If pallets are not stacked properly, when a driver slams on the brakes or is in a crash, the trailer's contents can tip over or shift, and the damaged goods are often rejected by companies.

"If one of them breaks loose, it looks like the scene of a horror movie," said Bill Carlin, the company's chief operating officer.

Carriers still have to pay their clients for damaged goods. For a fee, WeFixFreight offers its clients access to a mobile app that directs truck drivers to a participating warehouse where the pallets are offloaded and re-bundled. Drivers then continue to their original delivery points.

Two Arkansas warehousing companies work with WeFixFreight -- Hackbarth Delivery Service in Little Rock and Springdale, and OnTime Logistics, also in Springdale. Carlin said he is recruiting more companies that are located in eastern and western Arkansas.

Tim Ward, director of sales and marketing at OnTime Logistics in Springdale, said his company has been in business with WeFixFreight for about 18 months. Beginning at 2 a.m. each day, Ward's warehouse crew begins handling freight from customers such as FedEx and Amazon.com.

The rush ends around 11 a.m., but WeFixFreight's clients often need repackaging at unpredictable times.

"They'll drop the freight off to us, and we'll do all the work that's necessary," Ward said. "There's usually not much notice."

WeFixFreight holds a brokerage license, but most of the freight brokers who connect drivers with warehouses to re-bundle their freight work for partner companies like XPO Logistics, C.H. Robinson and Epes Logistics Services.

WeFixFreight's business model relies on outside freight brokers, who are also in demand by other transportation companies. Cargomatic, Uber Freight and other companies are vying to save shippers money by connecting drivers to freight with location-based apps. Freight brokers oversee the process and handle any problems.

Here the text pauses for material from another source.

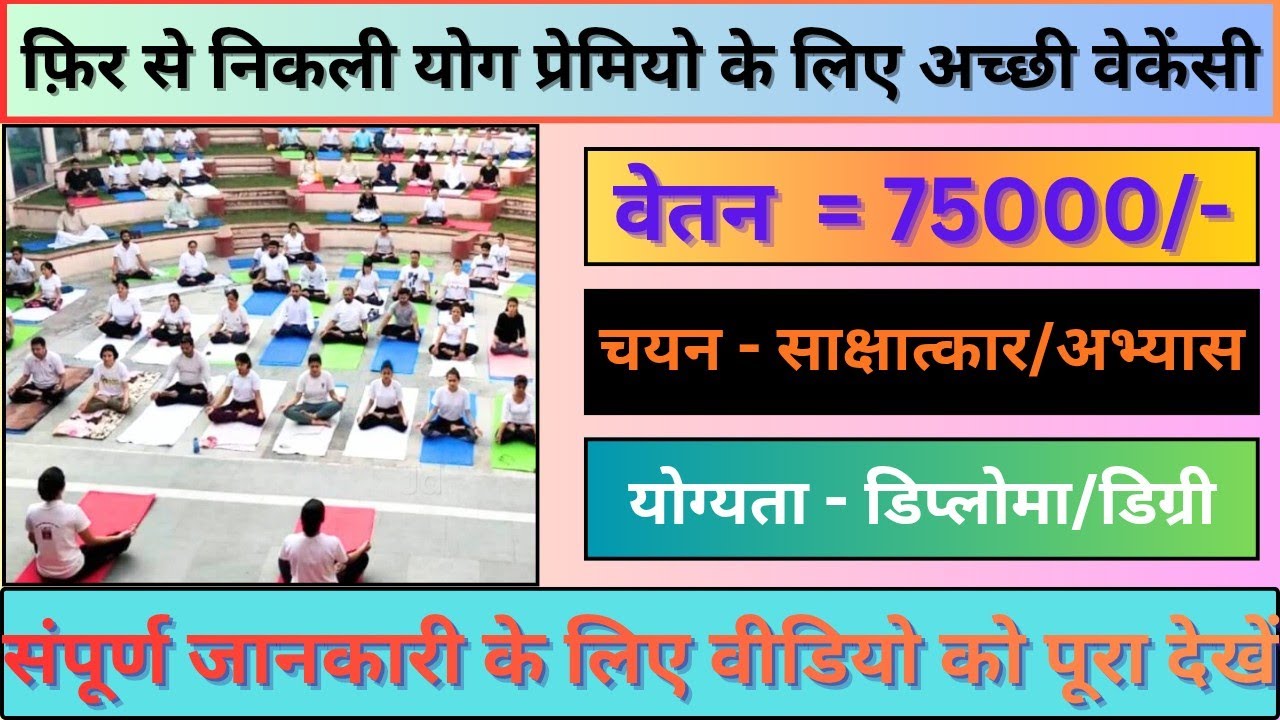 New Yoga Vacancy 2026 || Yoga Recruitment || योग प्रशिक्षक के लिए सुनहरा अवसर || पूरी जानकारी देखें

Automation is expected to eventually take over some of the role of the freight brokers, said Chris Caplice, executive director of Massachusetts Institute of Technology's Center for Transportation and Logistics.

Carlin said the company's business model was formed with automation in mind. He said WeFixFreight is more oriented to customer service, so he expects the company to be propelled by automation rather than be disrupted by it.

"My value is more in being an emergency broker," Carlin said. "I'm not auctioning off my services to truckers. We want to be the AAA to our clients."